Siamo una squadra!

30 Luglio 2018, 15:11

In Iraq, insieme al nostro staff iracheno e siriano, una giornata dedicata al nostro benessere psicologico. Per essere sempre più efficaci nell’aiutare le persone che ne hanno bisogno. 

 

L’idea di organizzare una giornata di team building e prevenzione del burnout – il termine con cui nel nostro settore si indica l’esaurimento psico-emotivo di operatrici e operatori umanitari/e, a causa dei contesti difficili in cui operano – è nata dal fatto che il nostro staff, in Iraq, lavora tutti i giorni con persone rifugiate dalla Siria, che vivono nei campi profughi, e alle quali offre servizi di salute mentale e sostegno psico-sociale.

1

In gran parte il nostro staff è composto da persone a loro volta rifugiate, o sfollate interne fuggite dalle guerre che hanno investito l’Iraq e la Siria in questi anni. Questo le espone a grandi livelli di stress, e a rivivere quotidianamente i propri traumi.

3

Per questo, abbiamo pensato fosse importante organizzare un momento per prenderci cura anche di loro, pensare al loro benessere, e creare confidenza e fiducia tra le tante persone del nostro staff che attualmente lavorano in 4 campi per persone rifugiate nell’area di Erbil.

E’ qui che vivono tante persone anche del nostro staff siriano, e non sono molte quindi le occasioni per staccare e allontanarsi dalle difficili condizioni quotidiane cui sono costrette. Con questa giornata, quindi, abbiamo voluto ritagliarci un momento solo per noi, lontano dal lavoro, dai campi, dai problemi familiari e dai ricordi brutti.

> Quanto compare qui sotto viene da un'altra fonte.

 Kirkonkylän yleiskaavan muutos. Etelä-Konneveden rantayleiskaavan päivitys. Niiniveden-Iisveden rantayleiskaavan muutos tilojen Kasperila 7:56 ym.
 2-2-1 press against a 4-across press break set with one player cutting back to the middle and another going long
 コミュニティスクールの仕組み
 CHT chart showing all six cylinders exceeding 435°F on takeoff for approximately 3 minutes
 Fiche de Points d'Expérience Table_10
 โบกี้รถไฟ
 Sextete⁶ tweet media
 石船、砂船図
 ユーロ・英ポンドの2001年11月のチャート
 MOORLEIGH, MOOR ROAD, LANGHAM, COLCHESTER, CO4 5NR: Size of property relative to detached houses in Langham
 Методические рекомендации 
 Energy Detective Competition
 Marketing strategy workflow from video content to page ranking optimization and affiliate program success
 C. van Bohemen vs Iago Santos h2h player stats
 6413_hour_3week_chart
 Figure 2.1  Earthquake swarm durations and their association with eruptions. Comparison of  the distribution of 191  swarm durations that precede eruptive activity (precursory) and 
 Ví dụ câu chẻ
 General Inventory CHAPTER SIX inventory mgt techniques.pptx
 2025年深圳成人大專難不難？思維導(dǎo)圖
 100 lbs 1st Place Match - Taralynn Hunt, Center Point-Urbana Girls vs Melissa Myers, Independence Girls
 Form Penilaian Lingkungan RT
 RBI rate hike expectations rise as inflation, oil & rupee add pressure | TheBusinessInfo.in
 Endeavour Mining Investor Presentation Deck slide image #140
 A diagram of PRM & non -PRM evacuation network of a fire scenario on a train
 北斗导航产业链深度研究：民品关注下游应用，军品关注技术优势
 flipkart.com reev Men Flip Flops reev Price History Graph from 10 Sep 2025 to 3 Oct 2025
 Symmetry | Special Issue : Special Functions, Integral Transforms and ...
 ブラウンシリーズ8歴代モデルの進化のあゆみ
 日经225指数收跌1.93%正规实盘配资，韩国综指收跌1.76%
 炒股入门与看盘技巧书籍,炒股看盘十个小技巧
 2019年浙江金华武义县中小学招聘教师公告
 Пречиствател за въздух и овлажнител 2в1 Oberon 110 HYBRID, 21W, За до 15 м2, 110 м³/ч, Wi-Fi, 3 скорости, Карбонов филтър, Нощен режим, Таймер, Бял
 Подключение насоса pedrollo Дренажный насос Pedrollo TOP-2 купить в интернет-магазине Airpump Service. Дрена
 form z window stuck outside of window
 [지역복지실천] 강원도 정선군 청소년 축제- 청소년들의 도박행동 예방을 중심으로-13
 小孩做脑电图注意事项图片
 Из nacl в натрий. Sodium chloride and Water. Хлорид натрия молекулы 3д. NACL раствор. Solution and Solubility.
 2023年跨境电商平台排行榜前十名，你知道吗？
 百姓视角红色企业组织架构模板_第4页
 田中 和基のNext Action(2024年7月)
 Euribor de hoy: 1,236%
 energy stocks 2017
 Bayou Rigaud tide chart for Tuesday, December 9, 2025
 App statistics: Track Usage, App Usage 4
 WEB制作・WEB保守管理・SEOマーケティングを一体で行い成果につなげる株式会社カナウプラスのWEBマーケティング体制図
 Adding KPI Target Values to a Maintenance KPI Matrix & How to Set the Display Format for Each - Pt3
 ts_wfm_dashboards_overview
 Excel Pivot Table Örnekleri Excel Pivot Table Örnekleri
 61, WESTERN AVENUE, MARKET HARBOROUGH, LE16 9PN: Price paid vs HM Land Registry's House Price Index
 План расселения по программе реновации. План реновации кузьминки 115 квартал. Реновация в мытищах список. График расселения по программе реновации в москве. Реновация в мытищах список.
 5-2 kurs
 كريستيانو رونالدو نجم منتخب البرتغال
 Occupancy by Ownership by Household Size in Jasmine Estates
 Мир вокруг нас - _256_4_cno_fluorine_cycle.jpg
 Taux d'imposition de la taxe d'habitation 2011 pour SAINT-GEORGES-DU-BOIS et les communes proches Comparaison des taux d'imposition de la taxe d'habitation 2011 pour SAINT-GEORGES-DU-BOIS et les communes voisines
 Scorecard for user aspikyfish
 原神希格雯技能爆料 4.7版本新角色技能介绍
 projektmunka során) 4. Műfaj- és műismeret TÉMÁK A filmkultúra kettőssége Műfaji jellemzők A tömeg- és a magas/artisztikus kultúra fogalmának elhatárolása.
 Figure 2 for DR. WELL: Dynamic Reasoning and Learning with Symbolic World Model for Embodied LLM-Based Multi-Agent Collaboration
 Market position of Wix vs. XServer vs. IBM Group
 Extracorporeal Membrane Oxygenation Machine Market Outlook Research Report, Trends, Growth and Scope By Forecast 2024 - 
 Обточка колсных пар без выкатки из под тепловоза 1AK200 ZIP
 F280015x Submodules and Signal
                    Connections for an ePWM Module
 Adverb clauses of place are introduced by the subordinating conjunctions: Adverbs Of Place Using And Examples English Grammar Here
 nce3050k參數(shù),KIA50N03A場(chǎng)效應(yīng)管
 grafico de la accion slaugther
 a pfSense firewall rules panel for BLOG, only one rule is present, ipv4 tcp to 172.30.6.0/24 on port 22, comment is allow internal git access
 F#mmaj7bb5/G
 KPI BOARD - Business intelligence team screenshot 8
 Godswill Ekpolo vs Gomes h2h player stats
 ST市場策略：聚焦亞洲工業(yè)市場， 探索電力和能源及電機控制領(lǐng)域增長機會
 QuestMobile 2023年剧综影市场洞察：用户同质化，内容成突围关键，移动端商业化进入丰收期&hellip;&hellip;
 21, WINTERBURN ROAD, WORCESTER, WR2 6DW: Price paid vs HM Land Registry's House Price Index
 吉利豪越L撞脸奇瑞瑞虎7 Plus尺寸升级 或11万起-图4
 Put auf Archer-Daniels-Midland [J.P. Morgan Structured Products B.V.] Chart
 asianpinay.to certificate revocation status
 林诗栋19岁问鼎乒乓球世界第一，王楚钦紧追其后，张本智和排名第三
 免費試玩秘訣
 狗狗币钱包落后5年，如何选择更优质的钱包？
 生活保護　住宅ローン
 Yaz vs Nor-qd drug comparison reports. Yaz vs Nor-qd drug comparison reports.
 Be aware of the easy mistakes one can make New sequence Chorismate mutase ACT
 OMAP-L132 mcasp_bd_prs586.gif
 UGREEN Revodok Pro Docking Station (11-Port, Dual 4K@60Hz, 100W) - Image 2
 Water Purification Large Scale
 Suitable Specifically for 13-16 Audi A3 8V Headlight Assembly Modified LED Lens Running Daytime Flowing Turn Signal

Abbiamo condiviso le nostre esperienze, l’importanza del nostro benessere sul luogo di lavoro, le nostre paure e le nostre speranze.

5

Alla giornata hanno partecipato i nostri psichiatri curdi-iracheni; i coordinatori e le coordinatrici del lavoro nei campi; le operatrici e gli operatori sociali, anche loro rifugiati dalla Siria; i consulenti e le consulenti per il sostegno psicosociale, e la nostra Martina, che è partita dall’Italia e oggi vive in Iraq per coordinare il nostro lavoro.

Abbiamo imparato come riconoscere, prevenire e gestire il burnout; e abbiamo lavorato per rinforzare i legami di conoscenza e fiducia tra di noi.

Cosa più importante, abbiamo capito di essere un squadra, e di non dover avere paura di chiedere aiuto se ne abbiamo bisogno.

Perché per aiutare le altre persone bisogna stare bene con noi stessi/e. E abbiamo ancora tanta strada da fare per sostenere le tante famiglie rifugiate siriane che aspettano di poter fare ritorno.